The stripes in the middle of each dress are dyed in maroon, yellow and green, which are the three colors of Ifa. Green represents youth, vitality and nature. Maroon represents the blood of life and ìlèpa. Ìlèpa is the red earth inside which dead people are buried. When Yoruba people dig graves for their deceased loved ones, they usually would not stop digging until they reach this layer of red earth deep in the ground.
Yellow represents the wisdom of Ifa and old age. It is also one of the two prominent colors of Òsun, the first wife of Ifa. In Africa, Ifa diviners both male and female make use of green and maroon, especially for their beads, such as necklaces, bracelets, walking sticks, shoes and crowns, while the Diaspora makes use of green and yellow.
The faculty of the Ifa Heritage Institute deliberately chose an academic dress different from the one used by tertiary institutions in Nigeria, and which is borrowed from European academic and church regalia. Since the Ifa Heritage Institute is the first higher education institution in Africa that is based on indigenous knowledge and which makes use of the Yoruba language as its medium of instruction, we thought it fit that our academic dress should portray this important philosophy.
The design of our academic dress is a brain-child of the President, Professor Wande Abimbola. The tailor who sewed the dress and the cap is Mr. Osunbaroye of Oyo Town. All of the embroidery was done by hand.

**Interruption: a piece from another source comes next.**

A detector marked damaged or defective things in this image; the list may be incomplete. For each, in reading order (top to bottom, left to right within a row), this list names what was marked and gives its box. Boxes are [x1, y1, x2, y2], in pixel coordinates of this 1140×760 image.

The Institute mace is fashioned after Òsùn Jàngànnà, which is the authority of important priests of Ifa. It is considered to be an Òrìsà in its own right. In the Ifa tradition, Òsùn must never lie on its side on the ground; it must always be found standing erect.
School Logo
This is our school logo, drawn by a local artist. The images are symbolic to Ifa and the divination system which the Ifa Heritage Institute was commissioned to safeguard. There is a representation of an Opon Ifa, sacred divining board, which always has an image of Èsù on top facing the diviner, as seen here. Èsù is like the policeman of the spiritual world who reports daily to the high god, Olodumare. He is involved in all Yoruba spiritual work , and despite Christian colonial efforts to characterize him as the devil, he is in fact a benevolent force in the world. Esu is shown here in the same way that he appears on all divining boards, facing the Ifa priest. The animals depicted on the Opon Ifa have been selected because of their relevance to Ifa and their presence on divining boards generally. Ifa is the original environmentalist, and it is clear in the literature that trees, rivers, mountains, birds, animals, humans and all other natural phenomena are considered not only sacred but equal. Ifa provides an ancient example of how the spiritual world and the natural world are inextricably linked.

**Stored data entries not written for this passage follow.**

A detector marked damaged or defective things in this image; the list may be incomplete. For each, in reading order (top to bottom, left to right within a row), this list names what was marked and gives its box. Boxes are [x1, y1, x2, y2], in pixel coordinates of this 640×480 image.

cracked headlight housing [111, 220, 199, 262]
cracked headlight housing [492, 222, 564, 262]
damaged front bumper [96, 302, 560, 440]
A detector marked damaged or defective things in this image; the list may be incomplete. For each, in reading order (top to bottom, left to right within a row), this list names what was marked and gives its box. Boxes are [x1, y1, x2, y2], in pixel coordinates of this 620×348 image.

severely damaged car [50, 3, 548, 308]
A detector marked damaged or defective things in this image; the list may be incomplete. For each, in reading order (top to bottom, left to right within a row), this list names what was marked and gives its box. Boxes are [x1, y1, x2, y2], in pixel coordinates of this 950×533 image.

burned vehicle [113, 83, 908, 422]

After the sacred palm nuts are cast in a special way that yields one of 256 possible arrangement of marks in which the body of literature to be chanted is found, the sacred marks of Ifa are written in the middle of the board on a powder called iyerosun, which is the by-product of termite consumption of a particular tree in Yorubaland. Next to our school name, inside the Opon Ifa, you will see a divining chain, another instrument of Ifá divination. In the bottom center of the Opon Ifa, you will see Iróké, which is the staff of office of an Iyanifa or Babalawo (female or male Ifa priest). Our school motto, “Ifa Will Mend Our Broken World” is used among people around the world who are involved in Yoruba religion and culture. The phrase was coined by our President in his 1997 book of the same title.